## What the task requires
Would you retype the whole listing verbatim, keeping pictures out of it?

━━━ Data shown ━━━

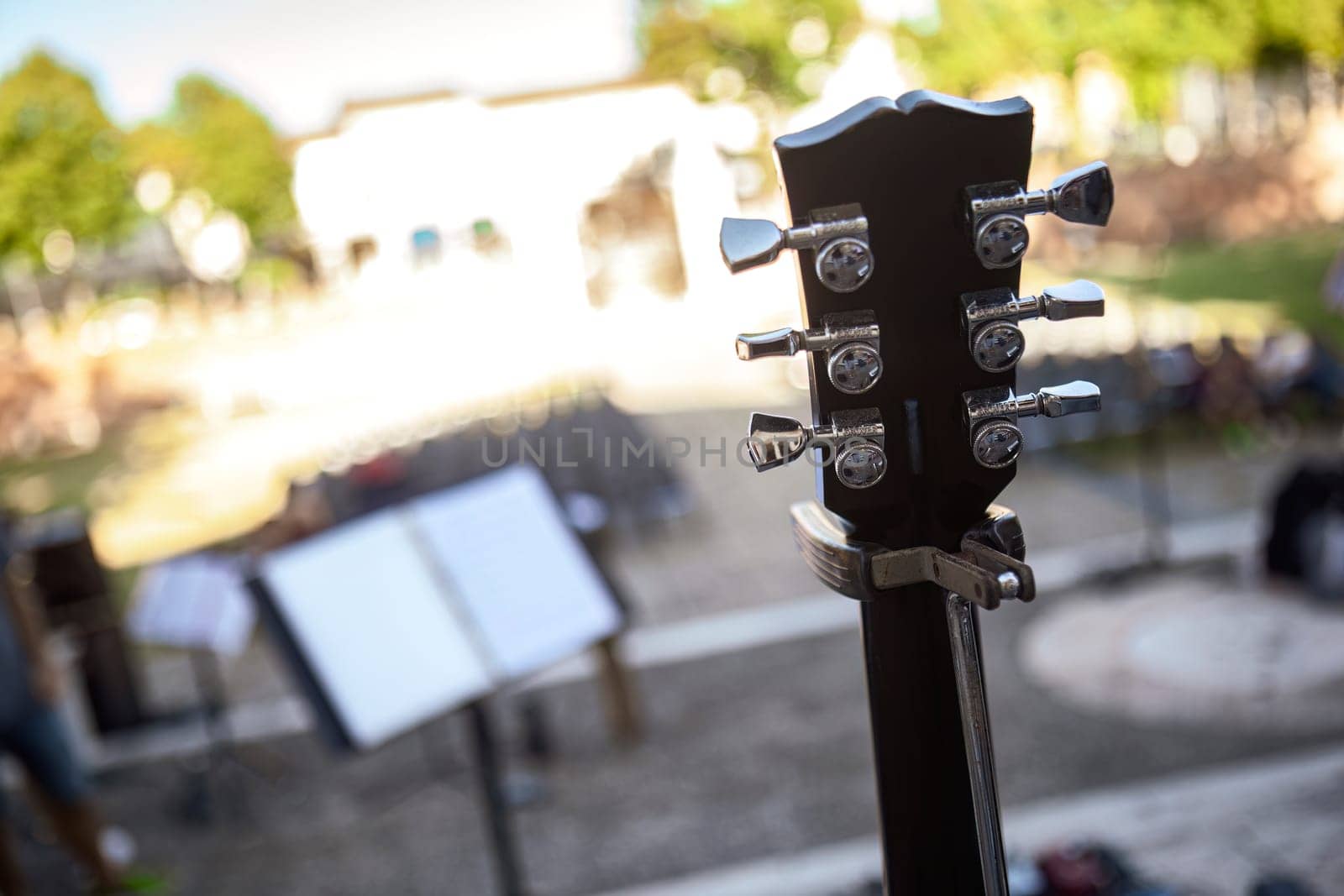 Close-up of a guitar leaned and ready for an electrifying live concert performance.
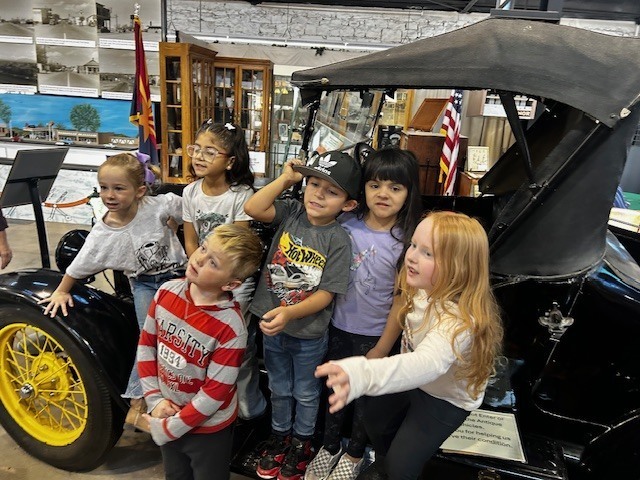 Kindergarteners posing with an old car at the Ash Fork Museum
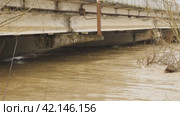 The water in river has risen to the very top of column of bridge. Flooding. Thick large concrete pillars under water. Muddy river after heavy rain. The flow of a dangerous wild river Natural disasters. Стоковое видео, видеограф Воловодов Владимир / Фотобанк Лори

━━━

## Result
 Close-up of a guitar leaned and ready for an electrifying live concert performance.
 Kindergarteners posing with an old car at the Ash Fork Museum
 The water in river has risen to the very top of column of bridge. Flooding. Thick large concrete pillars under water. Muddy river after heavy rain. The flow of a dangerous wild river Natural disasters. Стоковое видео, видеограф Воловодов Владимир / Фотобанк Лори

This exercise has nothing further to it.